Dataset content –

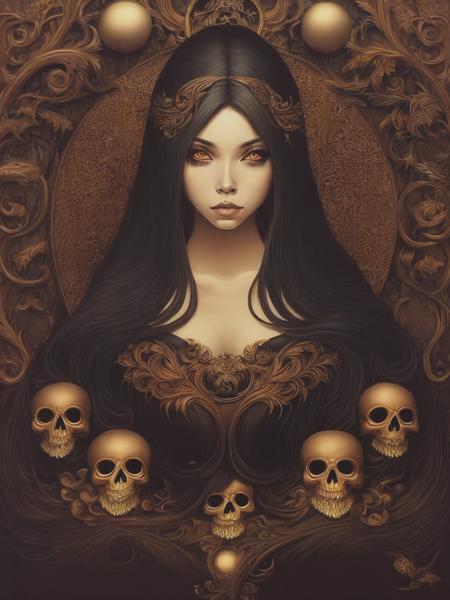 <lyco:AudreyKawasaki:1.0> beautiful witch, mirrors, chocolate, skulls, by Audrey Kawasaki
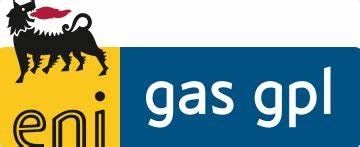 Logo di Eni gas gpl. Include una figura nera simile a un cane su sfondo giallo e blu.
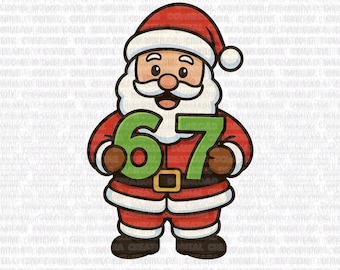 67 Santa STL & PNG, Christmas Santa PNG, 67 Christmas stl with Png, six seven, Santa Cookie stl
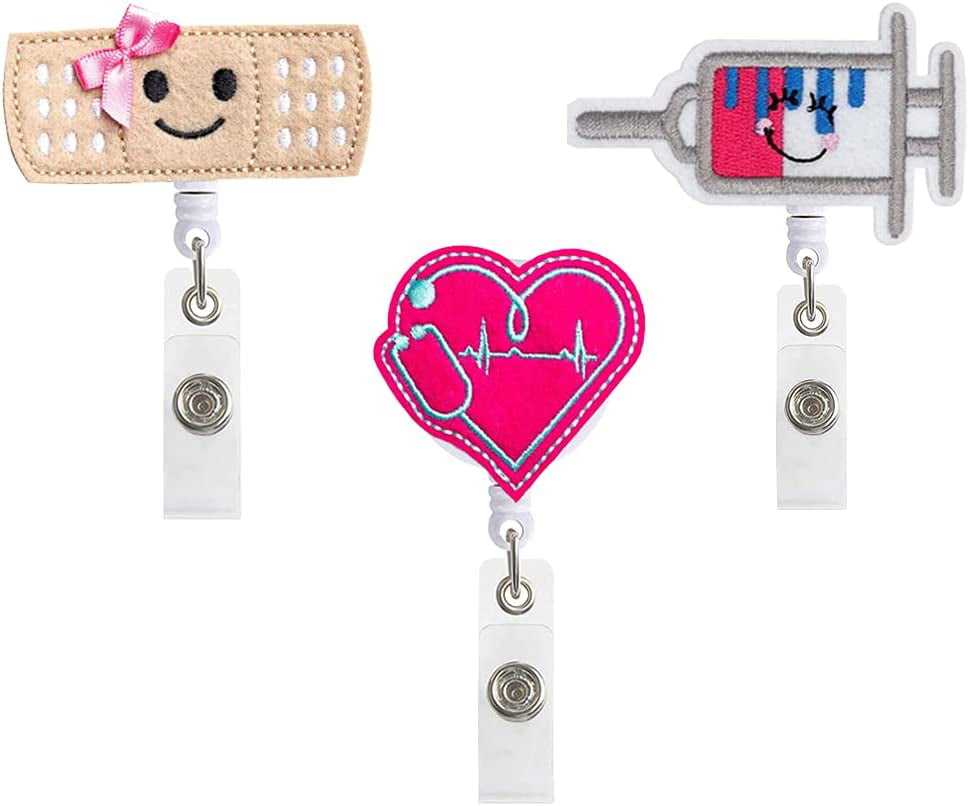 3 Pack Nurse Badge Reels Felt Love Heart Needles Bandage Nurse Badge Reel, Cute  Retractable ID Name Card Badge Holder with Alligator Clip, 26 Inch  Retractable Cord, Great Gifts for Nurse 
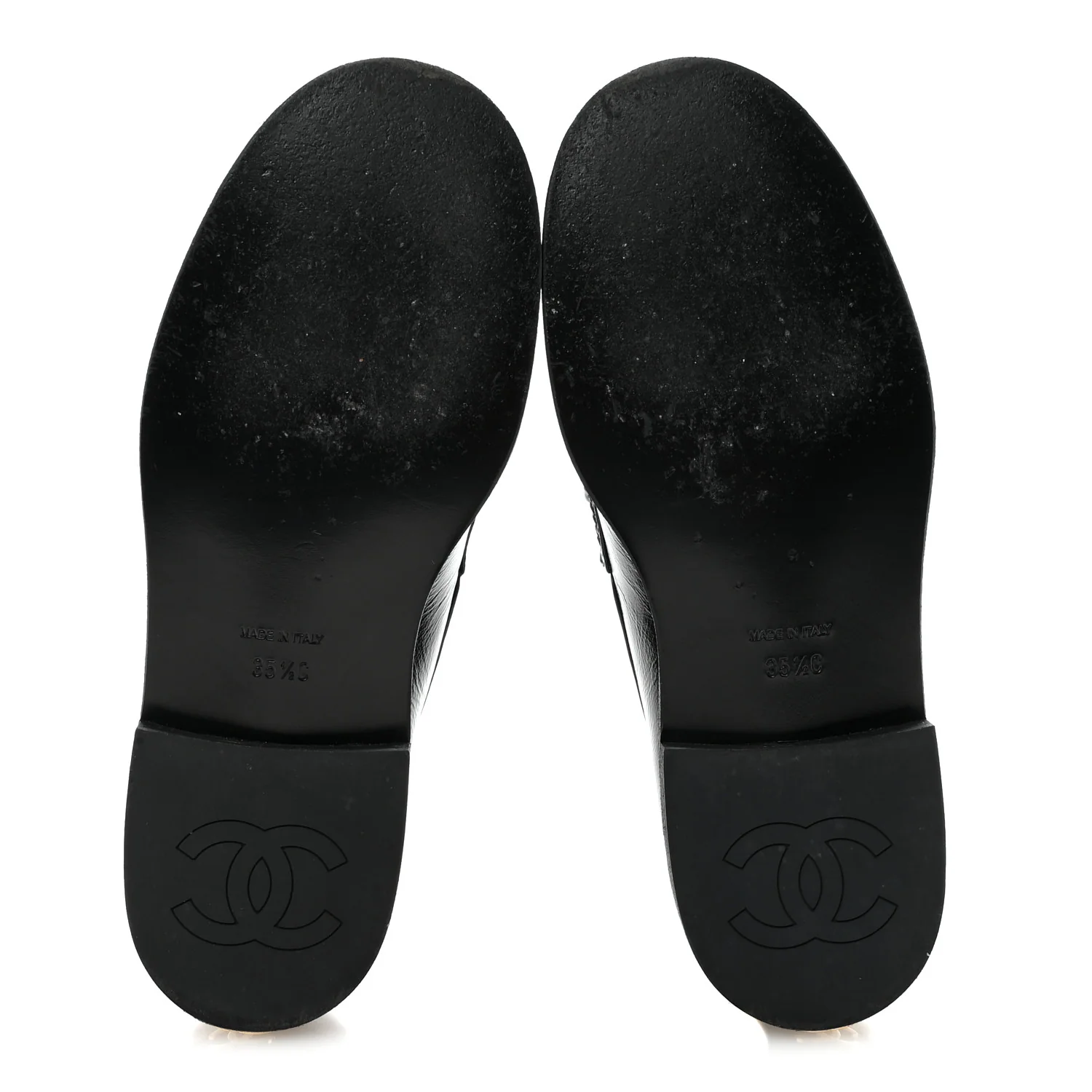 Calfskin Enamel Charms Mocassin Loafers 35.5 Black - Image 6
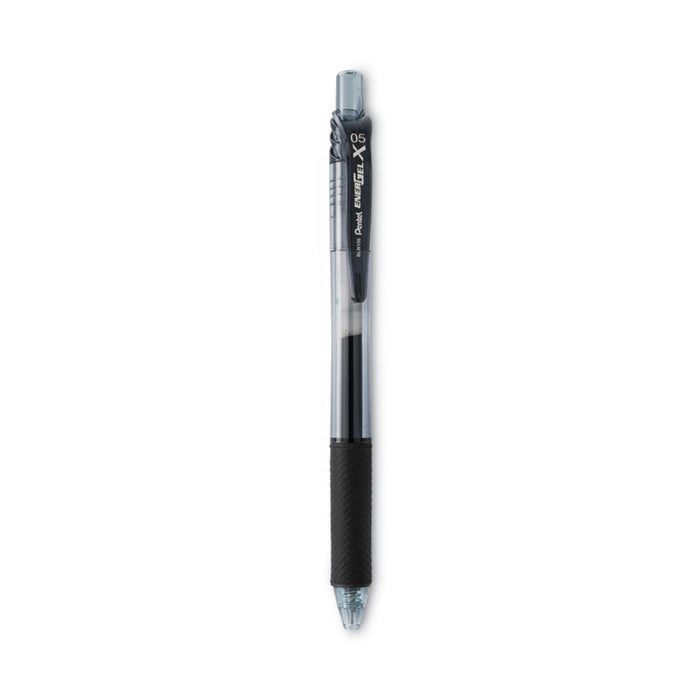 EnerGel-X Gel Pen, Retractable, Fine 0.5 mm, Black Ink, Clear/Black Barrel, Dozen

What to work on –
The listing above should be repeated word for word, pictures removed.

Problem solution –
 <lyco:AudreyKawasaki:1.0> beautiful witch, mirrors, chocolate, skulls, by Audrey Kawasaki
 Logo di Eni gas gpl. Include una figura nera simile a un cane su sfondo giallo e blu.
 67 Santa STL & PNG, Christmas Santa PNG, 67 Christmas stl with Png, six seven, Santa Cookie stl
 3 Pack Nurse Badge Reels Felt Love Heart Needles Bandage Nurse Badge Reel, Cute  Retractable ID Name Card Badge Holder with Alligator Clip, 26 Inch  Retractable Cord, Great Gifts for Nurse 
 Calfskin Enamel Charms Mocassin Loafers 35.5 Black - Image 6
 EnerGel-X Gel Pen, Retractable, Fine 0.5 mm, Black Ink, Clear/Black Barrel, Dozen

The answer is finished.